>>>>
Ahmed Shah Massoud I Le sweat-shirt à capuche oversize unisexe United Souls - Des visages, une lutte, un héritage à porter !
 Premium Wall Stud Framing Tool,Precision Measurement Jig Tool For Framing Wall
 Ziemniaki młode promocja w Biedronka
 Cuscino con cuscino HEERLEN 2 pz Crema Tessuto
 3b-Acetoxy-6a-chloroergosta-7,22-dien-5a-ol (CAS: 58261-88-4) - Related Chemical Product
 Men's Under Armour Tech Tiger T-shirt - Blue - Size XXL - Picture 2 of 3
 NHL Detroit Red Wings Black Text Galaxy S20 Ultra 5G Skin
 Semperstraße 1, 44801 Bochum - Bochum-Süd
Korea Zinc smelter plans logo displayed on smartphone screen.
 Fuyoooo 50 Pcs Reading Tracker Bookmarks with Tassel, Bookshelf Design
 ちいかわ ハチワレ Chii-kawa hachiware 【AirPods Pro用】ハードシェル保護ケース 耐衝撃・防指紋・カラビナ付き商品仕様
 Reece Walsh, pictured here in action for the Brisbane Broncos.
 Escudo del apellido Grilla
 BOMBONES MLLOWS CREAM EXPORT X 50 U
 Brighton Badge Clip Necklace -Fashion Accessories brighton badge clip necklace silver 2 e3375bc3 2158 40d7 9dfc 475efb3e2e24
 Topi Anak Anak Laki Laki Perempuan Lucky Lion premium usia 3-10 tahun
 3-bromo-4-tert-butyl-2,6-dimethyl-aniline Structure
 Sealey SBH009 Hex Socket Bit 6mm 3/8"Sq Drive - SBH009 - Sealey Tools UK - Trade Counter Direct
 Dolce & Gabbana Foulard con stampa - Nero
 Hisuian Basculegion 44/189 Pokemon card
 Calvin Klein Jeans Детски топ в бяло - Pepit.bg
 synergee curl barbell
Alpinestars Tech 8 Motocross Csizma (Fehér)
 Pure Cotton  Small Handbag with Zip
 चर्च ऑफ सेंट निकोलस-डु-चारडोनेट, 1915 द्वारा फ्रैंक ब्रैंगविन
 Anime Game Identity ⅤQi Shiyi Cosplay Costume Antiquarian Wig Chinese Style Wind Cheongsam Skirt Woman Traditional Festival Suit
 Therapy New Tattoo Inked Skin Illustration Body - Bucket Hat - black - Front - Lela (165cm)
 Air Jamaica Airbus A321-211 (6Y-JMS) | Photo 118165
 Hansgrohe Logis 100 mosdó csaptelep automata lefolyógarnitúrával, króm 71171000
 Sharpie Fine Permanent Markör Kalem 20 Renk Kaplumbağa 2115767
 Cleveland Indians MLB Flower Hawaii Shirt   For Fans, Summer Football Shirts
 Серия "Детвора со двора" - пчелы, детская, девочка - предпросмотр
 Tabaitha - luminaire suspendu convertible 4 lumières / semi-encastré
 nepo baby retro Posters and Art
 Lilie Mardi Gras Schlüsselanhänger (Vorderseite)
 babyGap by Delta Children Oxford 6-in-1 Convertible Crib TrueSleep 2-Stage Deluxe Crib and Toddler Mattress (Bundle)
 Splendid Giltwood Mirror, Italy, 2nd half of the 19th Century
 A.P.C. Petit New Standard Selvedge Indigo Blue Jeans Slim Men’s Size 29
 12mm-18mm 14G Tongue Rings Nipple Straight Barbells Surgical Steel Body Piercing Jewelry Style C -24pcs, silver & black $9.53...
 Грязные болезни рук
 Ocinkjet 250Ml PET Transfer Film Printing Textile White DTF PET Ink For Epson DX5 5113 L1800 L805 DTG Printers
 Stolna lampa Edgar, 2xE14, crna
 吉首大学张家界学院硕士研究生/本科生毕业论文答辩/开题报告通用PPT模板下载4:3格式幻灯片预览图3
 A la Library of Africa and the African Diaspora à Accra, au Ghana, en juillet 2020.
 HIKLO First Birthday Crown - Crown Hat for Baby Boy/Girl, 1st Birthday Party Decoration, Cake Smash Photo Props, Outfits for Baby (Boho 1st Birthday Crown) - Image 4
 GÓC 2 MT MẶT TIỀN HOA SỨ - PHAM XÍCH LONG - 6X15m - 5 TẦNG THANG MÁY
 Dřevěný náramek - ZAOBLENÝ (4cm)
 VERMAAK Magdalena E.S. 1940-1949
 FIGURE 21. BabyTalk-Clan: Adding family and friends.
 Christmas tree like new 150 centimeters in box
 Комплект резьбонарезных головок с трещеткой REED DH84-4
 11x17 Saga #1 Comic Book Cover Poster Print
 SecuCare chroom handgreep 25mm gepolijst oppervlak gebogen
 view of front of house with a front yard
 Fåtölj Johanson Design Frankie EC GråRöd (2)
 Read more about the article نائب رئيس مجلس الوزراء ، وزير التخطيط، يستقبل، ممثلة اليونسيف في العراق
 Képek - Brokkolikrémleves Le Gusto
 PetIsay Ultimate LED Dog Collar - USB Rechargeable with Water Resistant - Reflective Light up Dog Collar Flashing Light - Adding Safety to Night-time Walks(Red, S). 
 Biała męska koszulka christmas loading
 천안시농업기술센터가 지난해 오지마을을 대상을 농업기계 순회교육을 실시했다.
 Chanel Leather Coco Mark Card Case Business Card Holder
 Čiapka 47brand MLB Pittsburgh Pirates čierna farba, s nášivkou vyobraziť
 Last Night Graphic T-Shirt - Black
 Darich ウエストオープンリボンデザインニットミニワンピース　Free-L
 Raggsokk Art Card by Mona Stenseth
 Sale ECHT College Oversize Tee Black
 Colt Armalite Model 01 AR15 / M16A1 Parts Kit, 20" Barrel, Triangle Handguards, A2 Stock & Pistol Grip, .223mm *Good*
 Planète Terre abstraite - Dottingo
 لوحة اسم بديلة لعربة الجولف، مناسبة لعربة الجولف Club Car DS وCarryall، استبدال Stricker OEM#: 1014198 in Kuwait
<<<<
» Work to complete
A single number is needed: how many lines of the material contain the word "Blue".

» Written solution
2